J.D. I entered a Halloween poem contest in grade school, won first prize, and that really fanned the flames.
My earliest influences were writers like Poe and Frost; as I got older I started getting into the beat poets. Then I discovered Hunter S. Thompson, and that’s when my passion for writing really sank in. All literary genres. not just poetry.
Q2: Who are your biggest influences today?
J.D. : Ron Whitehead, hands down, that man is a powerhouse of poetic energy. Not many people have dedicated their lives to the craft the way he has. He went all in, and I love that. That’s where I strive to be in the future.
Q3: Where did you grow up and how did that influence your writing?
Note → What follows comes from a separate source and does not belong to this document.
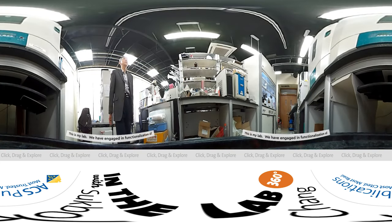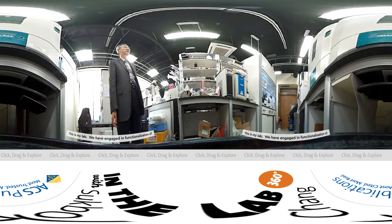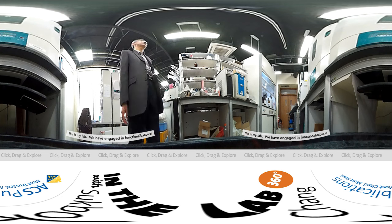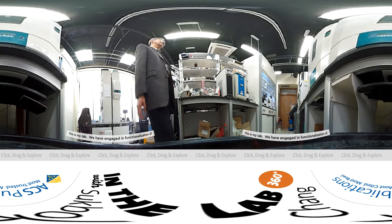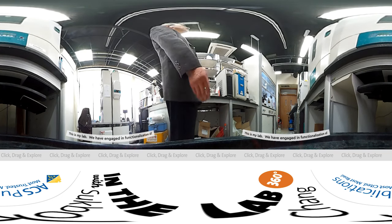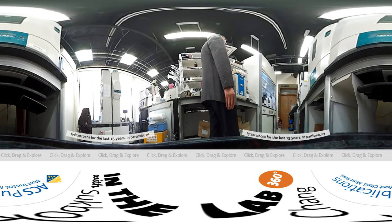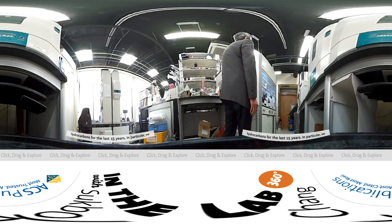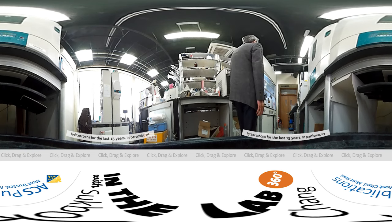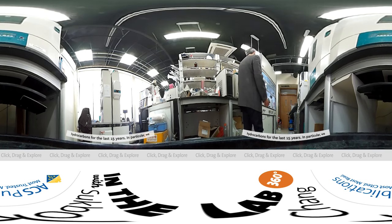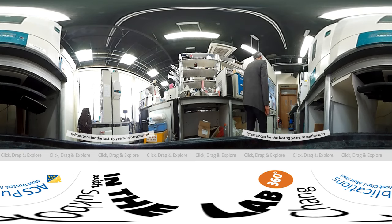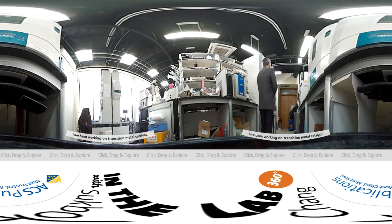This is my lab. We have been engaged in functionalization of hydrocarbons for the last 15 years. In particular, we have been working on transition metal catalysis.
Have any travels away from home influence your work?
J.D.: I was born in Colorado, grew up in Louisiana/Mississippi, moved up to Illinois a few years ago, and I’ve done my fair share of traveling. Mostly by bus and train. It’s most definitely an influence on my poetry and art. I love to draw and paint as well as write.
Q4: What do you consider the most meaningful work that you’ve done creatively so far?
J.D.: Cajun Mutt Press. Literature is extremely important to me. I like to believe I’m doing it justice by getting the words out into the world. I publish featured writers on our website every Mon/Wed/Fri, and full-length poetry collections in paperback.
Q5: Any pivotal moment when you knew you wanted to be a writer?
J.D.: When it saved my life. I got in a bad accident at work in 2008. Broke C2 in my neck and T3-T4 in my back. Then on top of several other things that were piling up, my mom passed of cancer in 2009. That put me in a tailspin of self-destruction. Eventually, I had to enter rehab. Once my mind was clear the poetry and art started pouring out like never before and I realized this is what I wanted to do in life. It brought me out of the dark.
Q6: Favorite activities to relax?
J.D.: I like to collect things. Books, bones, crystals, toys that I grew up with. Stuff like that. And I always like to have music playing. I’m a huge Deadhead but I love all music. I have pretty eclectic taste.
Q7: Any recent or forthcoming projects that you’d like to promote?
J.D.:
I Hear Your Music Night and Day by Dave O’Leary was recently published by Cajun Mutt Press in May, and I have a few more books lined up before the end of the year.
“Poetry and short prose about the musical life and the lost words of youth, about the places where love might be found or misplaced and dreams not quite made and celebrity encounters and being short on funds and the necessity of bus rides and bus stops and homes and the small moments that resonate and, of course, cats.”
Manuscript submissions are currently CLOSED, but if you’d like to submit some work to be considered as a Featured Writer send 1-3 poems to cajunmuttpress@gmail.com along with a bio and author photo. All unpublished work, no simultaneous submissions. Please be patient for a response. I get a ton of emails.
Q8: What is a favorite line/stanza from a poem of yours or others?
J.D.:
Well, it isn’t a single line, but this is one of my personal favorites that I’ve written…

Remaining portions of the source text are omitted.